The problem is, I didn’t have a trouble-free trip, and I can’t offer reassurance that travelling through Morocco will be easy. But at the same time, just because I had a challenging time in the country doesn’t mean that anyone else will too. That’s why it’s tough writing articles like this — I don’t want to put anybody off visiting Morocco but I do want to share my personal experiences.
So here, then, is an account of the struggles and joy I experienced from travelling through Morocco — and the advice I would offer women who are looking to travel there too.
Over the four weeks I spent in Morocco, I visited Marrakech, The Sahara Desert, Essaouira, Casablanca, Chefchaouen and Tangier. I deliberately skipped visiting Fes because I had heard nothing positive about the city from anyone I had spoken to.
I arrived in Marrakech fully expecting to dislike it and ended up surprised when I fell in love the second I arrived. Yes, it was chaotic and noisy and polluted, but it was also beautiful, exciting, and full of history and culture.
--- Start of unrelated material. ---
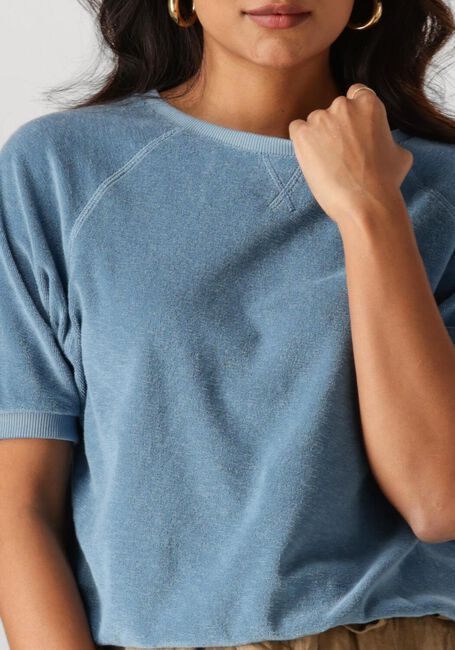 BY-BAR Haut NEVA SLUB TOP en bleu - large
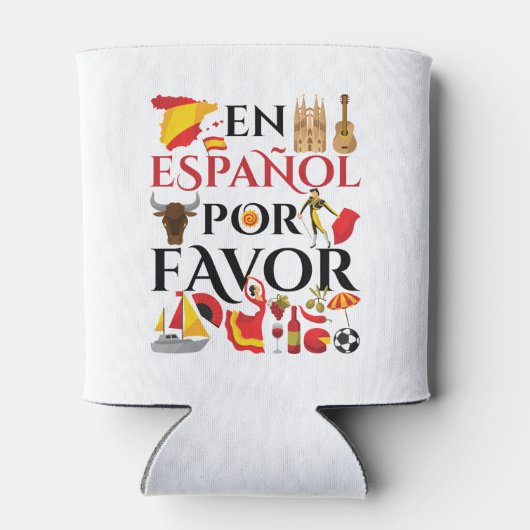 Spaans leraar en espanol voor blikjeskoeler (Achterkant)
The touts were more persistent than I’d experienced in most places around the world but it wasn’t stressful and I wasn’t bothered by it. I even managed to negate some of the tension by hiring a local guide to show me around. My guide helped keep the touts at bay as we navigated the medina with minimal hassle. He helped me to get my bearings, and I experienced and saw a lot more than I had if I had been alone.
The following day, without a guide, I found simple wanderings to be slightly challenging but I never once felt like I was in any real danger. I experienced mild annoyance from the touts as they desperately tried to sell things to me, but they always left me alone if I didn’t engage. I simply avoided eye contact, walked as if I knew where I was going and they soon moved on to someone else.
The Sahara Desert
My tour into the Sahara Desert was the most magical experience of my life, and something I think everybody should see at least once.
However, there also felt like there was mild sexual harassment at certain points during the tour. My tour guide made me feel uncomfortable by continuously reaching out to touch my arm and attempting to separate me from the group. At one point, he offered to take me into the Atlas Mountains to camp after the tour, telling me I’d love the stars and the friendly Berber people.
Perhaps he was just being friendly, and perhaps I should have trusted him, but I’m often paranoid and extra cautious when I travel alone. I felt uncomfortable and stayed quiet in the hope he would leave me alone. He did eventually.
Essaouira felt like a breath of fresh air after the mayhem of Marrakech — a hippie town full of rumours that Jimi Hendrix, Bob Marley, Bob Dylan, The Rolling Stones had made this their home throughout the 70’s. I love hippie beach towns and I love my classic rock so it immediately felt like the perfect place for me to be. It was mellow and relaxed and took only a few minutes for me to decide to extend my stay.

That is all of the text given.